### TASK BRIEF
Every line from the one with "Formal Languages and Logics Lecture Notes" to the final line of the listing below should be repeated exactly, and only those.

### ENTRIES PROVIDED
-- Opening Marker --
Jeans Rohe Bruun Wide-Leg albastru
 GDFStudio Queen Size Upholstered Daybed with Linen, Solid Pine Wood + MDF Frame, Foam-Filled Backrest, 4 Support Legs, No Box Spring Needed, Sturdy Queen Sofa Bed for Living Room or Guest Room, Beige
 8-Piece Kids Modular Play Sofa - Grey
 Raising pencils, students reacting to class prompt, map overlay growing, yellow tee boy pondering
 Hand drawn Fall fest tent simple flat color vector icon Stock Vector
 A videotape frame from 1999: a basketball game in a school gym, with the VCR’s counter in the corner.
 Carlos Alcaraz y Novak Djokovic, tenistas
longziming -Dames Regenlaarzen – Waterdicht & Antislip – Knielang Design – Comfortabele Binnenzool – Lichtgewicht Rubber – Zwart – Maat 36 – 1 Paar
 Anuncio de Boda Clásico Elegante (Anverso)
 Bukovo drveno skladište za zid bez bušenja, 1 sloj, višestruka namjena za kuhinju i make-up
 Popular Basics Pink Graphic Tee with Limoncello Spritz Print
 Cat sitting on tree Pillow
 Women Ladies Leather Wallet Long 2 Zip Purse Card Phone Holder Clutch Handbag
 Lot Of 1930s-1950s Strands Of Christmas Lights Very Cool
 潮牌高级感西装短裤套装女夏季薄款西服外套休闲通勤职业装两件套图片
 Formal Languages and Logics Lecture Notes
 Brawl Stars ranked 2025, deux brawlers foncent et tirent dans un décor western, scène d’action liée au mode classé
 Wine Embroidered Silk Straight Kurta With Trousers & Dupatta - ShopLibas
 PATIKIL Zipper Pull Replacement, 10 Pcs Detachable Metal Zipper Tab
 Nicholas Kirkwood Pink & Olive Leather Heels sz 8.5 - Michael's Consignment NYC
-- Closing Marker --
### RESPONSE BELOW
 Formal Languages and Logics Lecture Notes
 Brawl Stars ranked 2025, deux brawlers foncent et tirent dans un décor western, scène d’action liée au mode classé
 Wine Embroidered Silk Straight Kurta With Trousers & Dupatta - ShopLibas
 PATIKIL Zipper Pull Replacement, 10 Pcs Detachable Metal Zipper Tab
 Nicholas Kirkwood Pink & Olive Leather Heels sz 8.5 - Michael's Consignment NYC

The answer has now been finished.